The weekend after the presidential election an old friend and I met for dinner. She works for the government and on Wednesday when she realized that her professional environment may drastically change in the new year, she experienced her first panic attack. Anxiety—and the panic attacks, insomnia, appetite changes, and stress that go hand in hand with it—is something that I’ve battled for years. My friend asked me for tips on how to handle an unshakeable growing nervousness. Here’s what I told her.
Seek Professional Help
If anxiety is affecting your life negatively, say you’re afraid to leave the house, it could be time to seek professional help. A therapist is an objective bystander who you talk to on a regular basis. You can openly discuss your worries and concerns without fear of being ridiculed or punished. The only downside to a therapist is that they may encourage you to try medication. To avoid this situation, make it clear from the get-go that you want to learn the skills to manage anxiety rather than take a pill to mask it.
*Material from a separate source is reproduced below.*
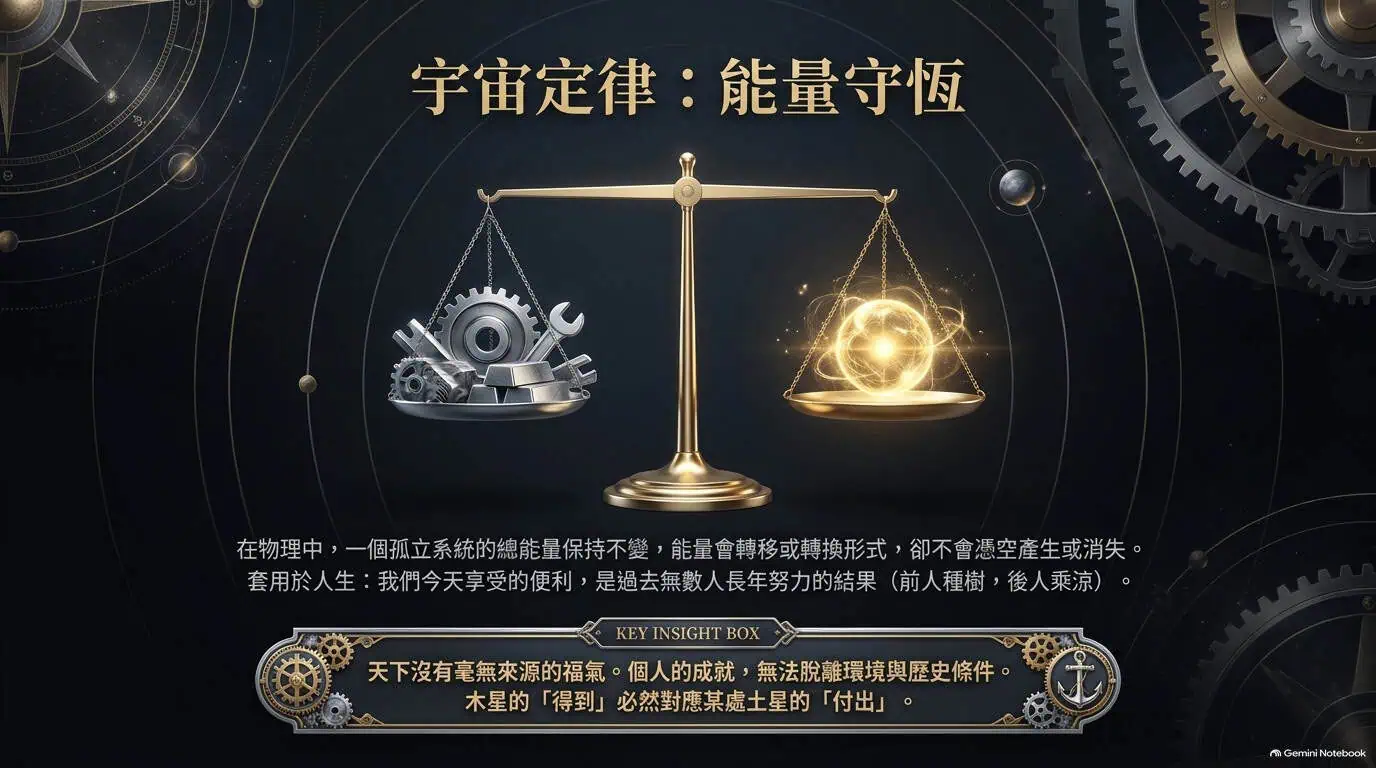 能量守恆的天秤意象,呈現物質能量轉移的象徵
It may sound cliché, but a good old-fashioned workout is a great way to ease apprehensiveness. When anxiety hits, book the next class at Soul Cycle, tie on your tennis shoes and hit the streets for a run, grab your gloves and start boxing, or head to your favorite yoga practice. Not only will the exercise immediately get your mind off your angst, it will also get the feel-good brain chemicals flowing. When you’re feeling positive, you’re less likely to feel hopeless and experience anxiety.
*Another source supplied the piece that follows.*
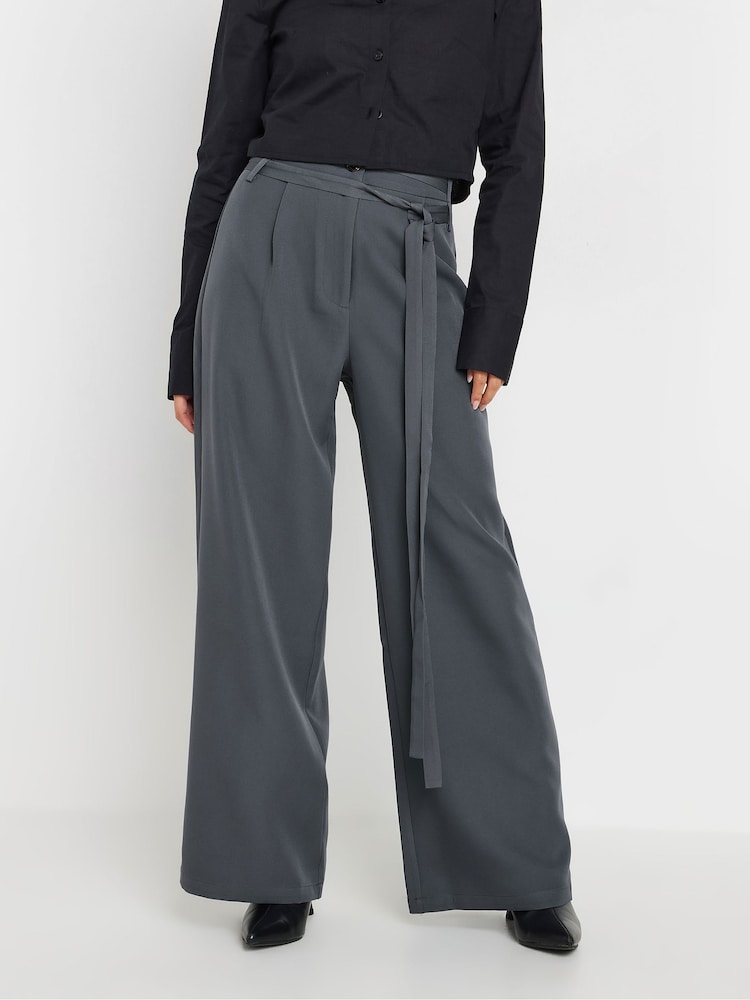 PixieGirl Petite Grey Double Wrap Belted Wide Leg Trousers - Image 2 of 5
Anxiety is a useless emotion—worrying about something that has not happened will not make you more productive nor will it change the final outcome. While it’s easy to understand this, that anxiety is a negative emotion, it’s not so easy to quiet a racing mind. This is where meditation comes in. Practicing meditation helps you quiet an overactive brain. It teaches you how to separate mental action from yourself. Instead of giving into your fearful thoughts, you can take a few deep breaths and step away from the anxiety. You can let the worry go and focus on mindfulness.
Phone a Friend
There is a reason the word “rant” exists. It feels good to discuss your concerns, complaints, and worries with a trusted friend or advisor. If something is eating away at you, call a friend and ask for a coffee date. Don’t post an unnecessary diatribe on Facebook that you’ll regret later. In the long run, that won’t decrease your overall anxiety. Meet a good friend in person or talk to them over the phone. Expressing yourself in real life with a person who loves you the way you are can do wonders for anxiety levels.
A lot of the anxiety I personally experience involves me obsessing over the things I don’t have. A boyfriend, 401K, dental insurance, a salary that allows me to take lavish vacations and buy Chanel handbags—these are things that I lack. When I start to get down on myself for not having an engagement ring on my left hand, I grab a piece of paper and a pen and take a few moments to be grateful for the things I do have. I have a incredibly loving and supportive family and tight-knit group of friends. I have a job that allows me to work from anywhere in the world. I have a closet full of clothes and the disposable income to shop at Zara if the desire arises. Remember not everyone has running water, electricity, toothpaste, and bananas. The next time you find yourself anxious for what you don’t have, think about what you do have.
Turn Up the Tunes
Music can be therapeutic and although it made sound cheesy, listening to the classical radio station has long been a way of calming myself down. There’s something soothing about the delicate sound of a piano or violin playing lightly in the background. When anxiety has got you down, put on your favorite song or musical genre. Let yourself enjoy it—dance if you want to!
Do an Errand
Sometimes all it takes is a mental distraction to snap you out of a downward anxiety spiral. Worried about an upcoming meeting at work? Get up out of your desk and run an errand. Do something that will take your mind off of what it is you’re worrying about. If you have no errands to run, go to the grocery store and buy an apple or green juice. Perform a task or chore and give it all of your energy. Empty the dishwasher and focus on placing each plate in its proper place. Organize the bathroom cabinet. Fold the laundry. Make a list of Christmas gift ideas. Open your book and read for 10 minutes. Do something—anything—that will take your mind off of the anxiety-causing thoughts.
How do you calm your mind when it’s racing?